Image-caption web data
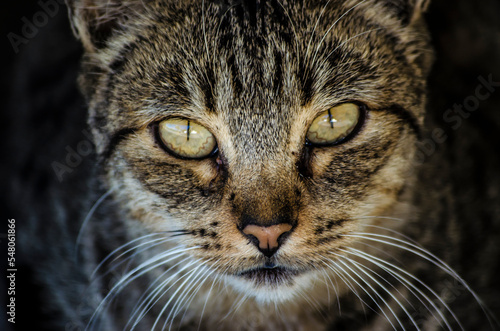 Portrait of a pretty stray cat staring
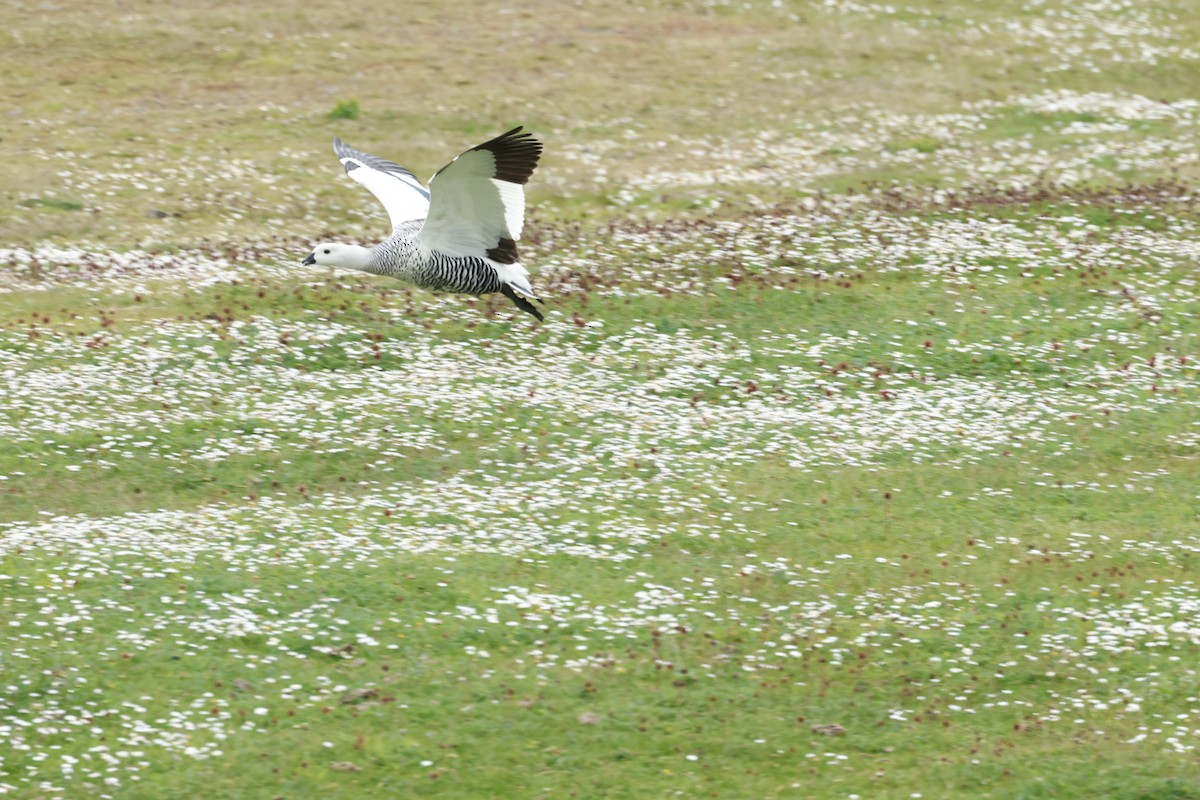 Upland Goose - ML646764764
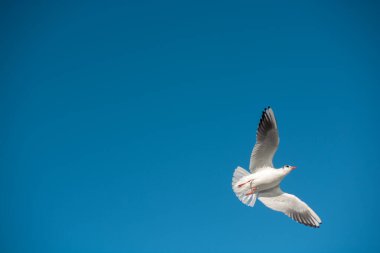 Arka plan olarak gökyüzünde uçan tek bir martı.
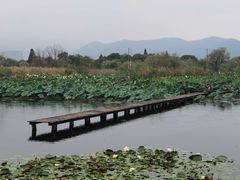 -长兴太湖图影湿地文化园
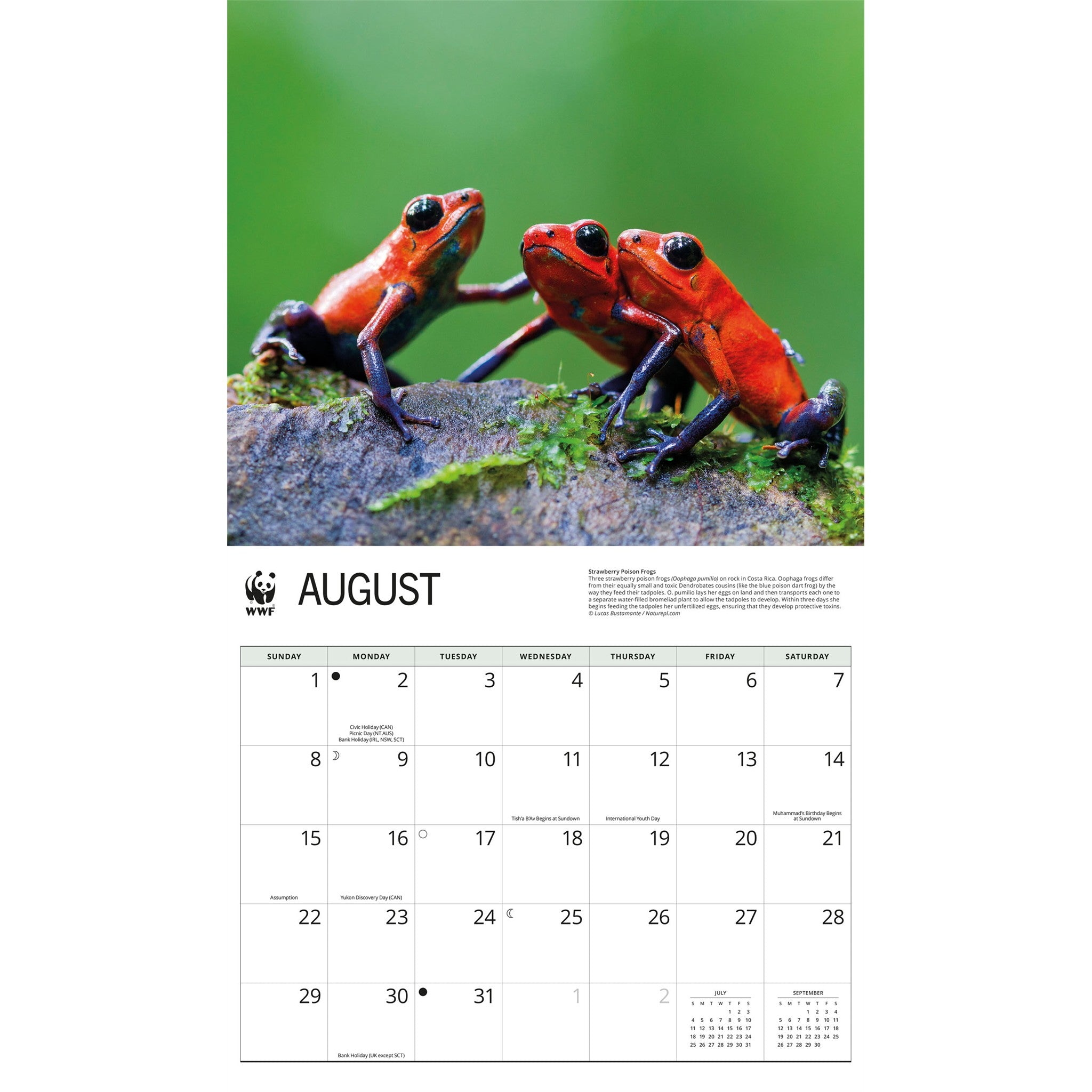 Calendrier mural 2027 Grenouilles du Fonds mondial pour la nature
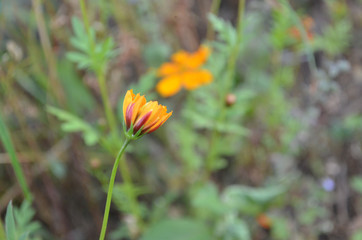 Natural Beautiful Flower in Garden
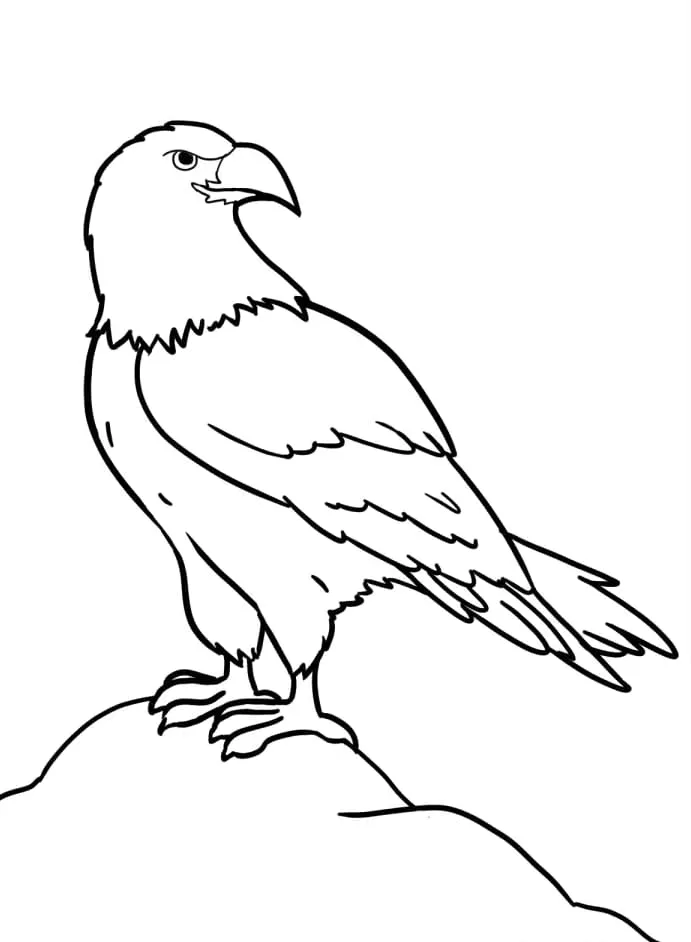 Dibujos para colorear e imprimir Eagles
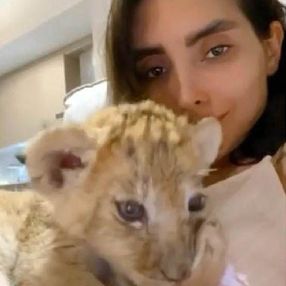 İranlı modele hediye edilen aslan, Gaziantep'te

● **Your assignment**
Output each line above exactly as it stands, omitting the pictures.

● **Expected answer**
 Portrait of a pretty stray cat staring
 Upland Goose - ML646764764
 Arka plan olarak gökyüzünde uçan tek bir martı.
 -长兴太湖图影湿地文化园
 Calendrier mural 2027 Grenouilles du Fonds mondial pour la nature
 Natural Beautiful Flower in Garden
 Dibujos para colorear e imprimir Eagles
 İranlı modele hediye edilen aslan, Gaziantep'te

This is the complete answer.